* _Exercise description_
Go through the listing that follows and write it out exactly. Drop the pictures.

* _Given data_

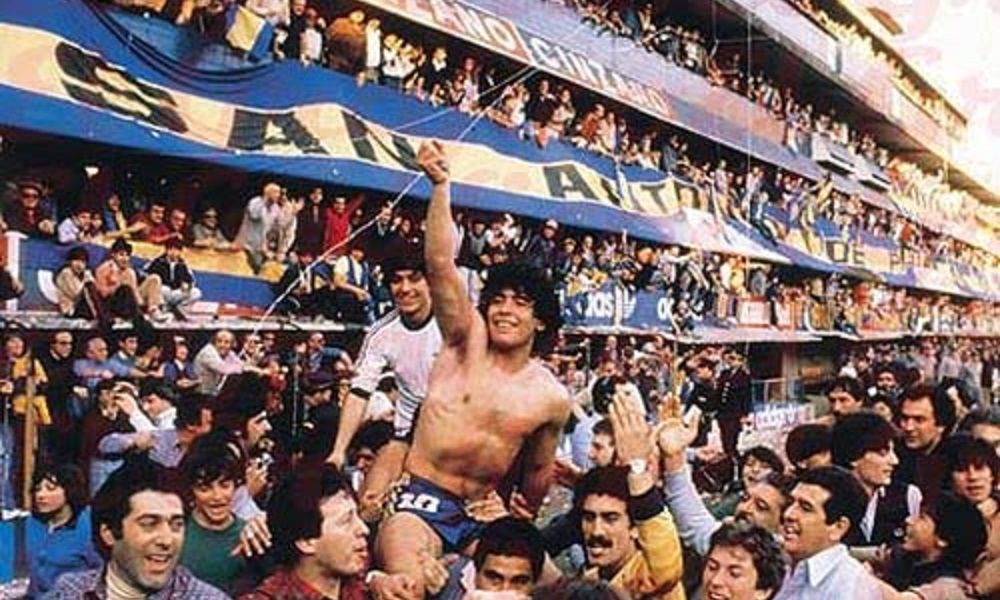Diego Maradona - Maradona Celebrando En 1981.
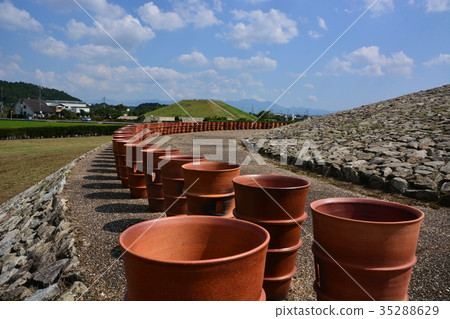 滋賀縣東部近江市久保田山墳塚 滋賀縣東部近江市久保田山墳塚 35288629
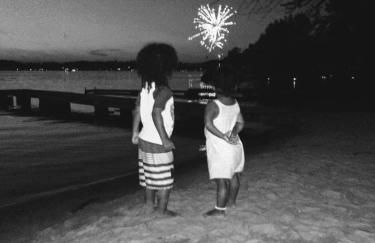 Stunning Lake Home w arcade and huge deck - Foto 60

* _Solution for this problem_
Diego Maradona - Maradona Celebrando En 1981.
 滋賀縣東部近江市久保田山墳塚 滋賀縣東部近江市久保田山墳塚 35288629
 Stunning Lake Home w arcade and huge deck - Foto 60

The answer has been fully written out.